The University of Michigan in Ann Arbor has received $27 million in funding from Shenzhen, China-based Frontt Capital Management, an investment firm focused on developing the intelligent vehicle industry in China. The investment will go towards driverless vehicle research.
Dr. Mark Schlissel, president of U-M, and S. Jack Hu, vice president of research at U-M, today signed a memorandum of understanding with Frontt.
The investment will establish a Joint Research Center for Intelligent Vehicles at U-M to support faculty projects on autonomous vehicle technologies, contribute toward construction of the recently approved Robotics Laboratory and a vehicle garage on U-M’s North Campus near Mcity, and provide fees for university researchers to advise Frontt on the design of an autonomous vehicle test facility in Shenzhen, China.

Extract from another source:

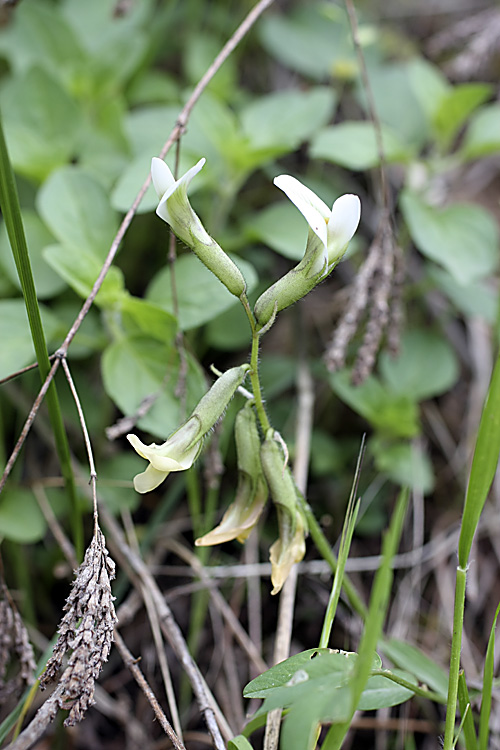 Image of genus Astragalus specimen.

“The world needs a better way for people and goods to get around, and we believe autonomous, connected vehicles are an important component of the solution,” Schlissel says. “Frontt’s investment in U-M people and technology will help advance mobility in a way that we believe will ripple across the globe.”
The facility in Shenzhen would be developed and used to test new technologies, as well as demonstrate how connected and automated vehicles could improve safety, efficiency, and sustainability in China.
Once the facility opens, Hu says U-M’s industry partners would have the ability to test their autonomous and connected vehicles in an environment that’s distinct from that of the U.S.
The university is working with companies from a variety of industries and countries across the globe, as well as the U.S. government, on the technical, social, economic, legal, political, and business challenges of deploying autonomous and connected vehicles on a large scale. U-M leaders say Frontt’s investment will further strengthen ongoing work in the technology.
The relationship with Frontt grew out of Gov. Rick Snyder’s effort to strengthen trade relations between Michigan and China. In May, Chinese government officials from Guangdong Province and its City of Shenzhen came to Michigan and joined the governor to establish the Michigan-Shenzhen Trade, Investment, and Innovation Cooperation Center.